[HOW TO COMPLETE THIS TASK]
For this item, repeat the material exactly while omitting its pictures.

[RAW DATA]
::::::::::

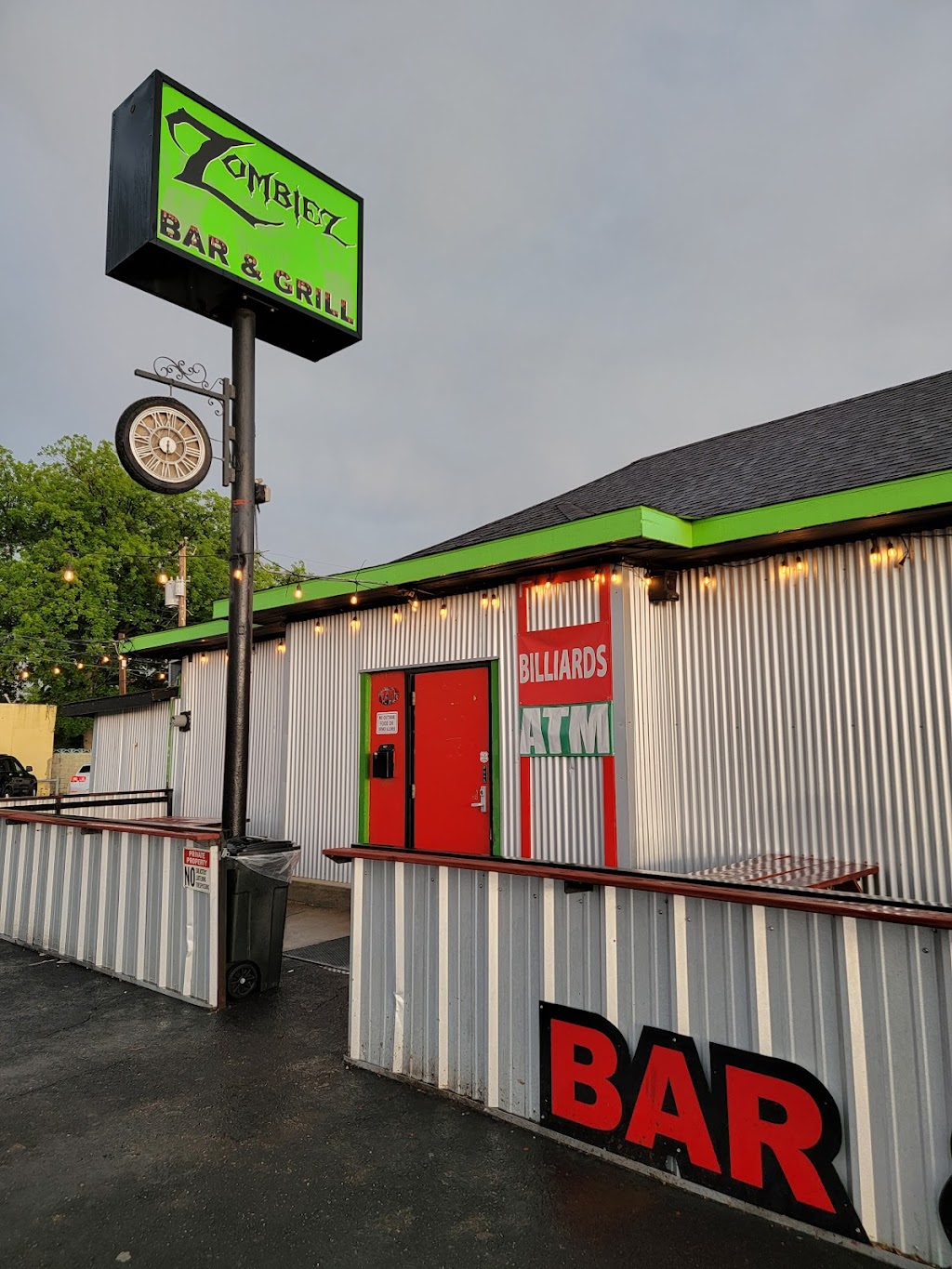 Zombiez Bar & Grill | restaurant | 711 SW 10th Ave, Amarillo, TX 79101, USA | 8063317305 OR +1 806-331-7305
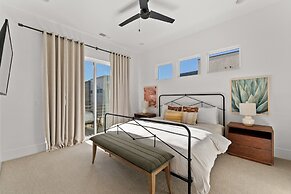 Villa #11 Adventure Retreat At Bloomington Villas 4 Bedroom Townhouse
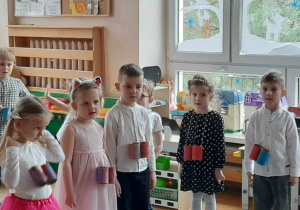 Dzieci występują na uroczystości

::::::::::

[TASK RESPONSE]
 Zombiez Bar & Grill | restaurant | 711 SW 10th Ave, Amarillo, TX 79101, USA | 8063317305 OR +1 806-331-7305
 Villa #11 Adventure Retreat At Bloomington Villas 4 Bedroom Townhouse
 Dzieci występują na uroczystości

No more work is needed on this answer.